Pictures are to be left out. Return exactly the lines below from the one with "725 NE 22nd" up to and including the one with "887bet6.com".

* **MATERIAL FOR THE TASK**
==================================================

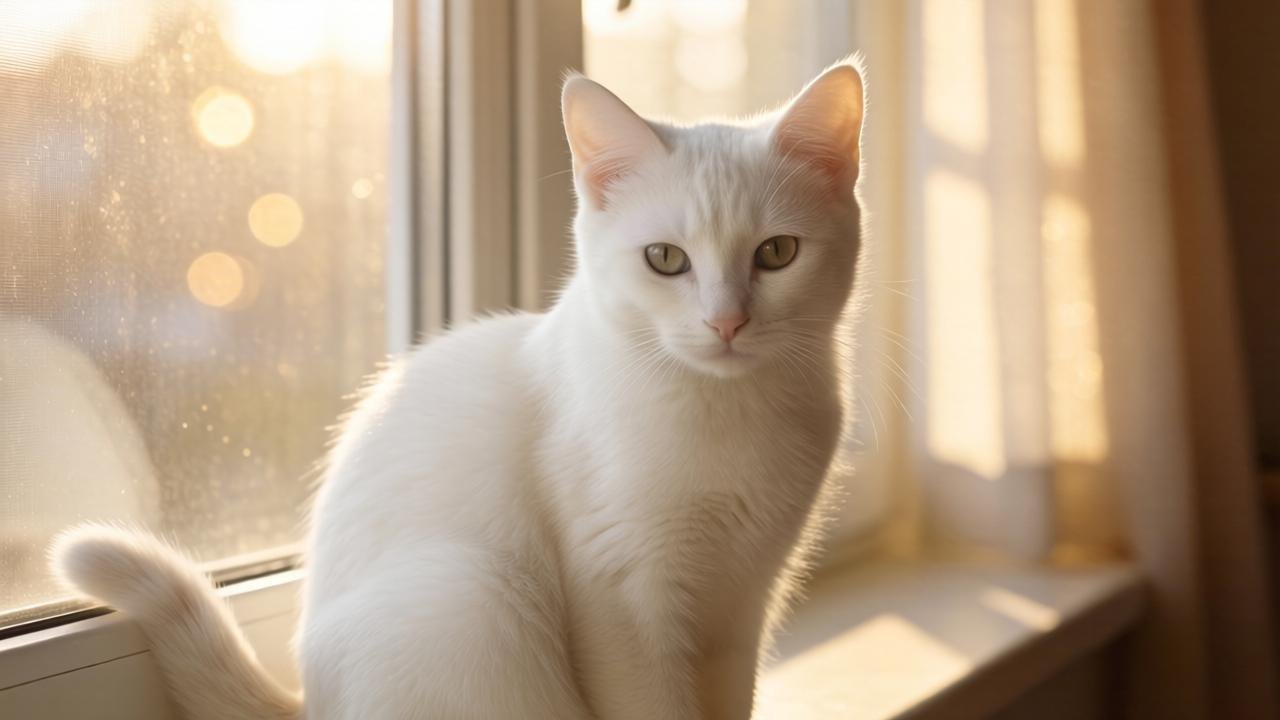 一季度全国城镇调查失业率平均值为5.5%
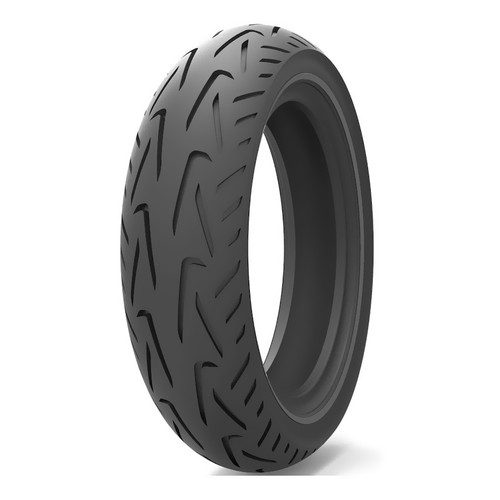 Copertone pneumatico gomma - pneumatico,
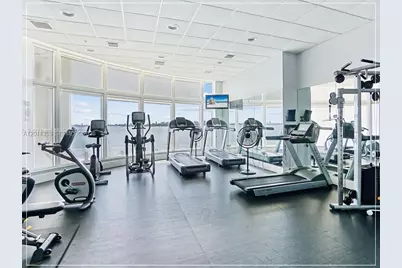 725 NE 22nd St #16D, Miami, FL 33137 - Photo 26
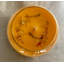 Beltram Honeysuckle Scented Jar Candle
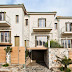 Δυο Βολιώτες έφτιαξαν το πρώτο σπίτι του μέλλοντος στην Ελλάδα! [photos]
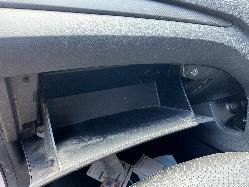 View Auto part Engine HYUNDAI SANTA FE 2015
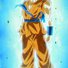 amino-son goku-19089d61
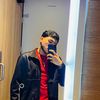 mrls_anxz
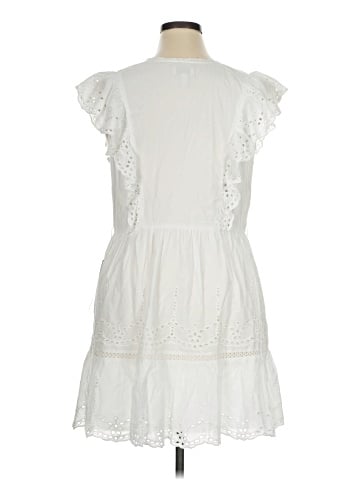 Adrianna Papell Casual Dress (view 2)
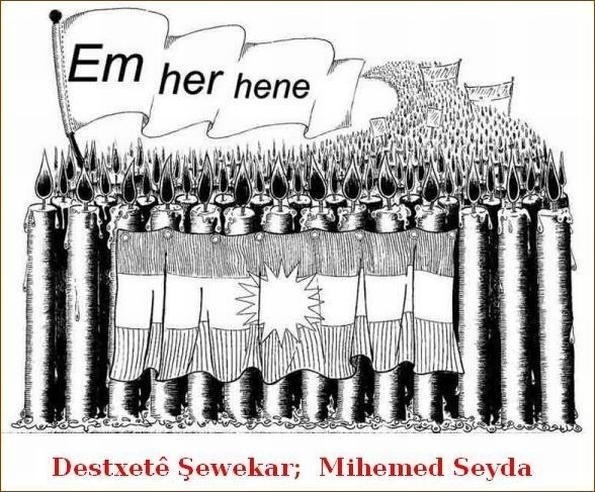 Destxete_Mihemed_Seyda_6x.jpg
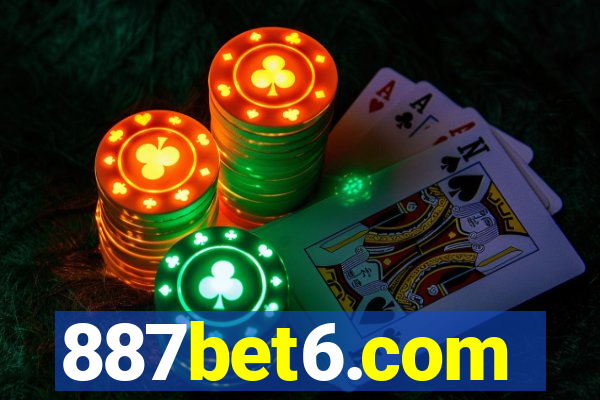 887bet6.com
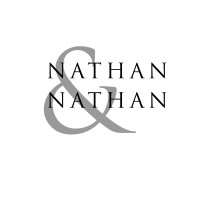 Nathan & Nathan, P.C. logo, Nathan & Nathan, P.C. contact details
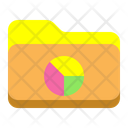 پیش‌نمایش فایل graphics-folder-3445297 از پک فایل ها و پوشه ها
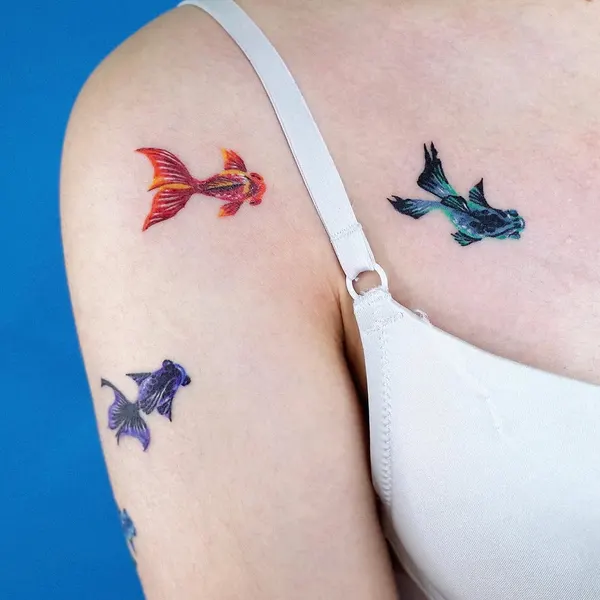 soosoo.tattoo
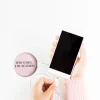 La Chaise Longue BATTERIE DE SECOURS MIROIR 3000 MAH New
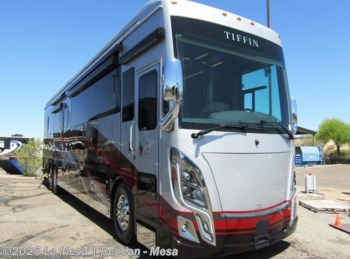 New Used Tiffin Rv Zephyrs For Sale Tiffinrvs New Used Tiffin Rv Zephyrs For Sale Tiffinrvs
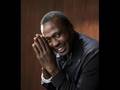 Ben Vereen - Heaven on their Minds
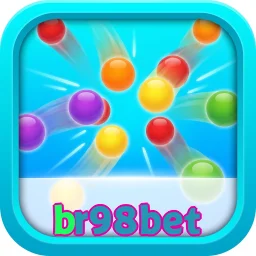 br98bet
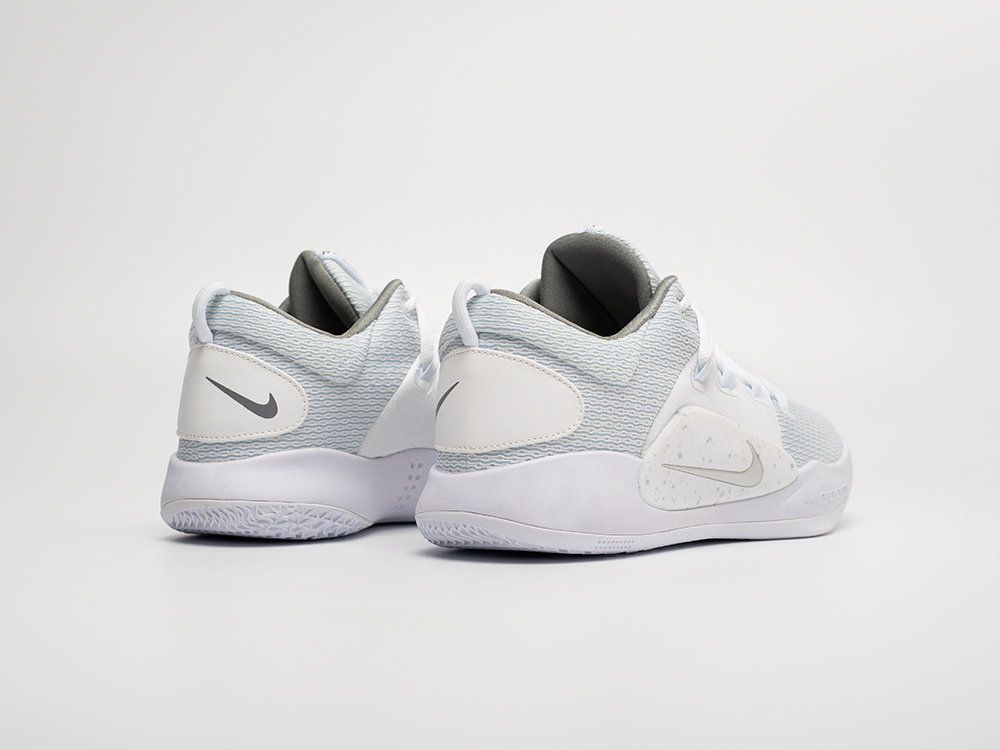 Кроссовки Nike Hyperdunk X Low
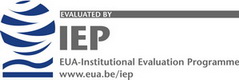 EUA IEP 4c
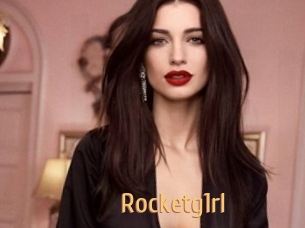Rocketg1rl
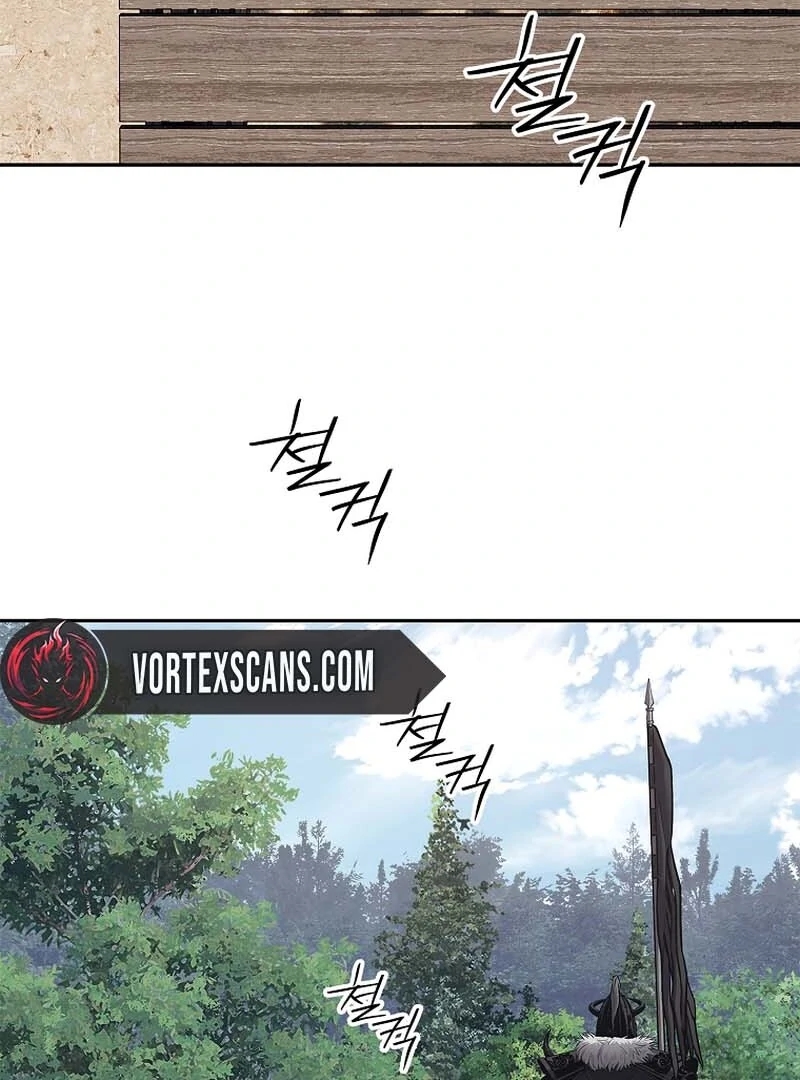 The Steel Emperor Chapter 29 - Page 107 in English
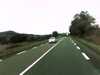 20131017-PICT0071-frame0001.jpg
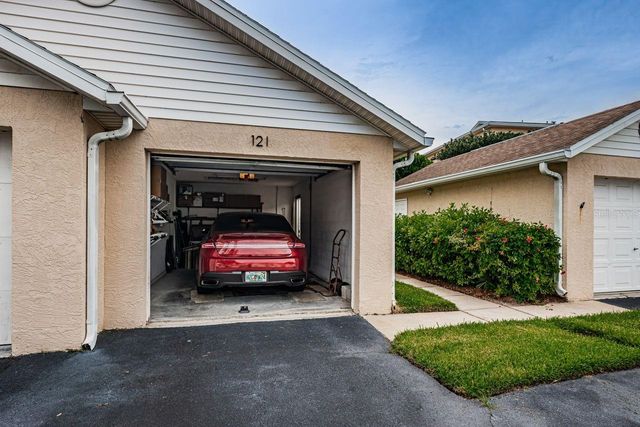 6363 99TH WAY N 12I, St Petersburg, FL 33708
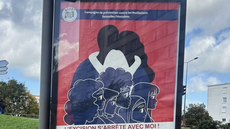 Je suis une femme excisée, bien sûr que je suis africaine: les clichés autour de l’excision ont la vie dure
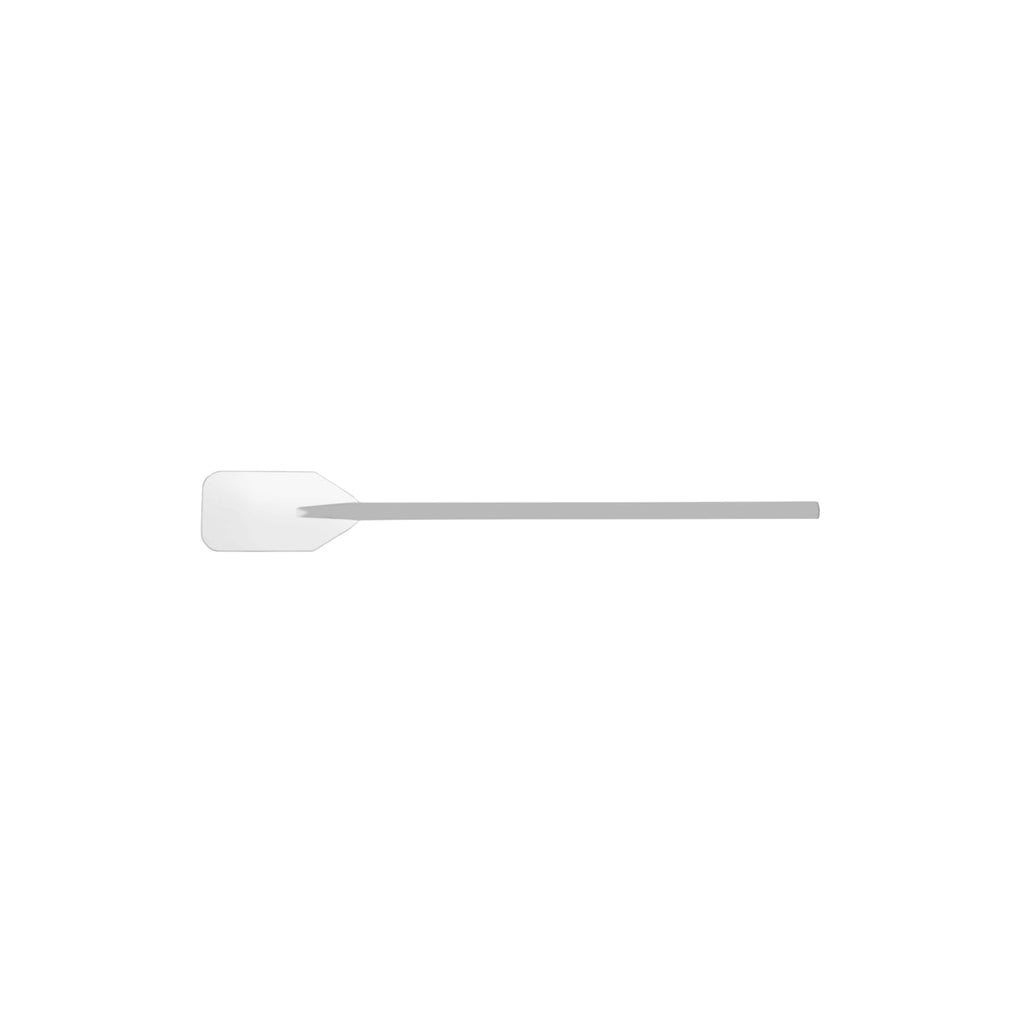 Chef Inox MIXING PADDLE-Stainless Steel 900mm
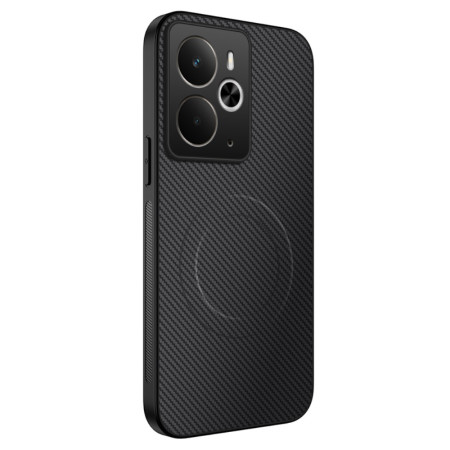 Realme 14 5G Kompatible...
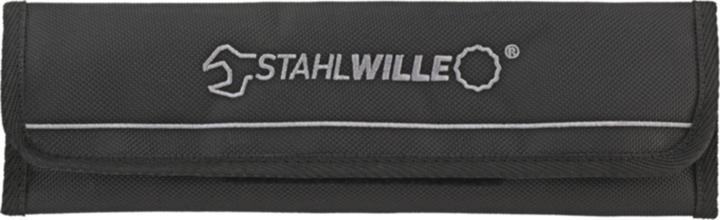 Produktbild Stahlwille Doppel-Maulschlüssel-Satz 10te (32 mm, 19 mm, 6 mm, 12 mm, 24 mm, 14 mm, 22 mm, 16 mm, 23 mm, 10  mm, 21 mm, 18 mm, 27 mm, 7 mm, 31 mm, 17 mm, 11 mm, 15 mm, 26 mm, 30 mm, 8 mm, 28 mm, 9 mm, 29 mm, 13 mm, 20 mm, 25 mm)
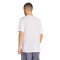 Majica adidas Tech App Gf Tee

==================================================

* **RESULT BELOW**
 725 NE 22nd St #16D, Miami, FL 33137 - Photo 26
 Beltram Honeysuckle Scented Jar Candle
 Δυο Βολιώτες έφτιαξαν το πρώτο σπίτι του μέλλοντος στην Ελλάδα! [photos]
 View Auto part Engine HYUNDAI SANTA FE 2015
 amino-son goku-19089d61
 mrls_anxz
 Adrianna Papell Casual Dress (view 2)
 Destxete_Mihemed_Seyda_6x.jpg
 887bet6.com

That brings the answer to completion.